What to work on
Every line of the listing should be retyped exactly, but none of the pictures should be.
- Opening Delimiter -
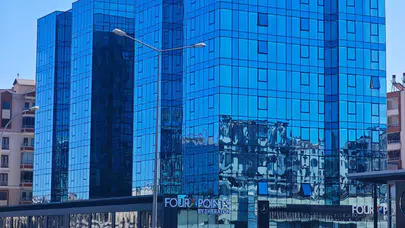 Marriott International’ın Diyarbakır'daki Yeni Genel Müdürü: Özgür Arsoy!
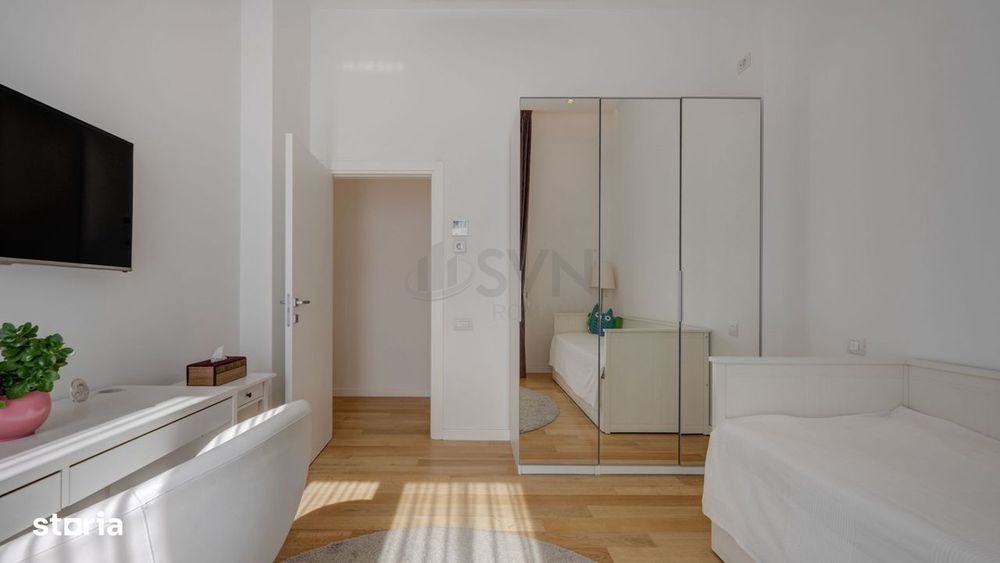 Penthouse pe un nivel complet I Panorama 360 I Herastrau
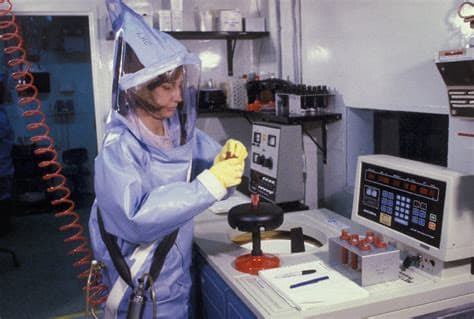 生物安全实验室个人安全防护注意事项
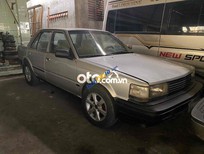 Cần bán Nissan Bluebird 1988 - Nhập Nhật giá rẻ tập lái
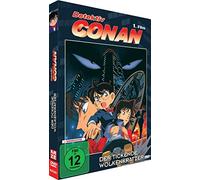 Detektiv Conan - 1. Film: Der tickende Wolkenkratzer (+ Deko-Disc)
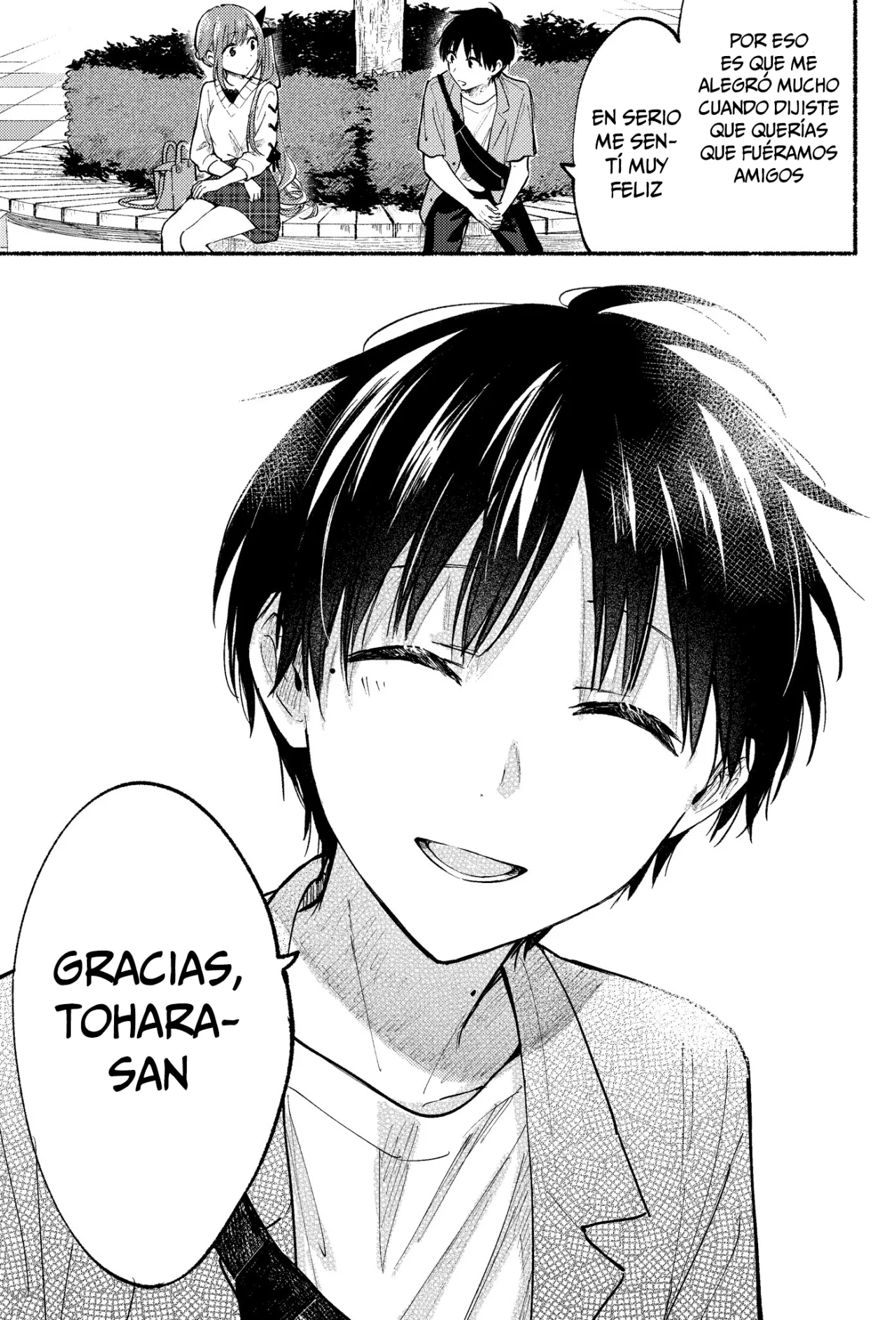 Read Tonari no Neko to Koi Shirazu Manga Online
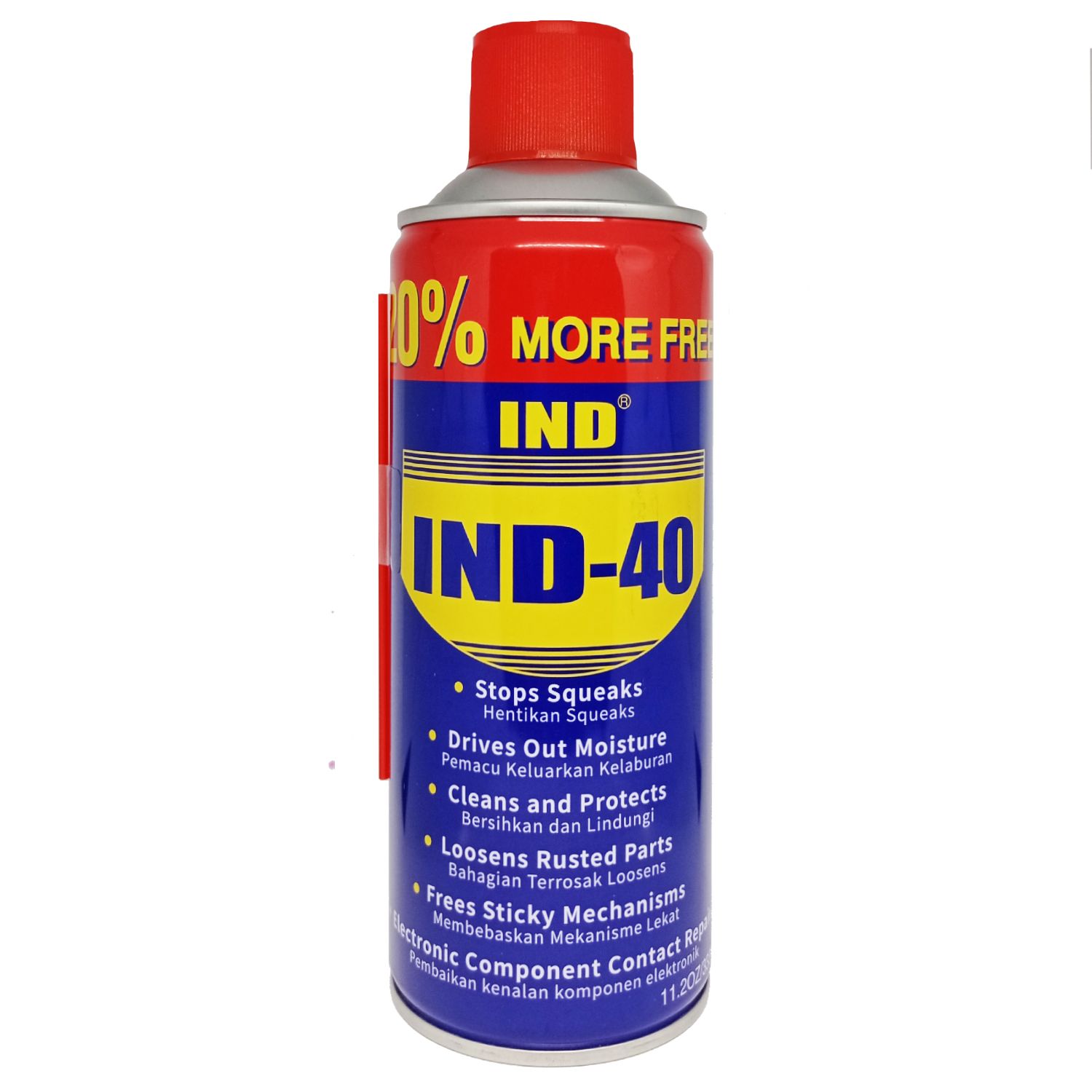 Spray lubricante 333ml - anacate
- Closing Delimiter -
Answer
 Marriott International’ın Diyarbakır'daki Yeni Genel Müdürü: Özgür Arsoy!
 Penthouse pe un nivel complet I Panorama 360 I Herastrau
 生物安全实验室个人安全防护注意事项
 Cần bán Nissan Bluebird 1988 - Nhập Nhật giá rẻ tập lái
 Detektiv Conan - 1. Film: Der tickende Wolkenkratzer (+ Deko-Disc)
 Read Tonari no Neko to Koi Shirazu Manga Online
 Spray lubricante 333ml - anacate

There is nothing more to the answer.